### Dataset content
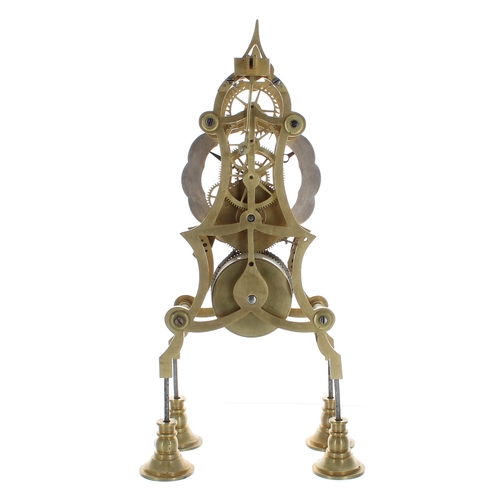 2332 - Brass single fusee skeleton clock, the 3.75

...

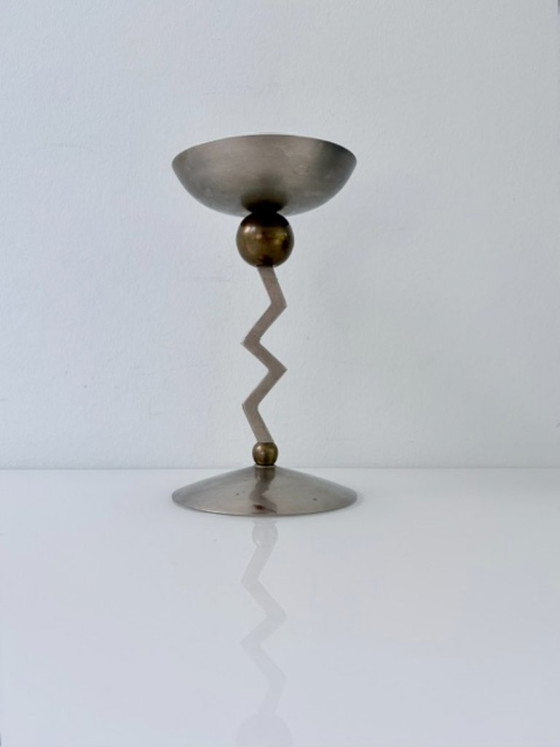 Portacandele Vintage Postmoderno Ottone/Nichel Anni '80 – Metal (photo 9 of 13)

---

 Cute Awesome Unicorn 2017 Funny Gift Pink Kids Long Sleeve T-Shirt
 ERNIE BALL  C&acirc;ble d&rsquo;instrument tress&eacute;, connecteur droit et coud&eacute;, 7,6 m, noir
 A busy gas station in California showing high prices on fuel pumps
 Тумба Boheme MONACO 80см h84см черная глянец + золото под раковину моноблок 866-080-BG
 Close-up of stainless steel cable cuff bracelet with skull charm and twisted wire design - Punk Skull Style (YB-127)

### Problem
Copy the lines of the data above exactly as written, beginning with the line containing "7,6 m, noir" and ending with the line containing "Close-up of stainless", and leave out all other lines.

### Reply to the exercise
 ERNIE BALL  C&acirc;ble d&rsquo;instrument tress&eacute;, connecteur droit et coud&eacute;, 7,6 m, noir
 A busy gas station in California showing high prices on fuel pumps
 Тумба Boheme MONACO 80см h84см черная глянец + золото под раковину моноблок 866-080-BG
 Close-up of stainless steel cable cuff bracelet with skull charm and twisted wire design - Punk Skull Style (YB-127)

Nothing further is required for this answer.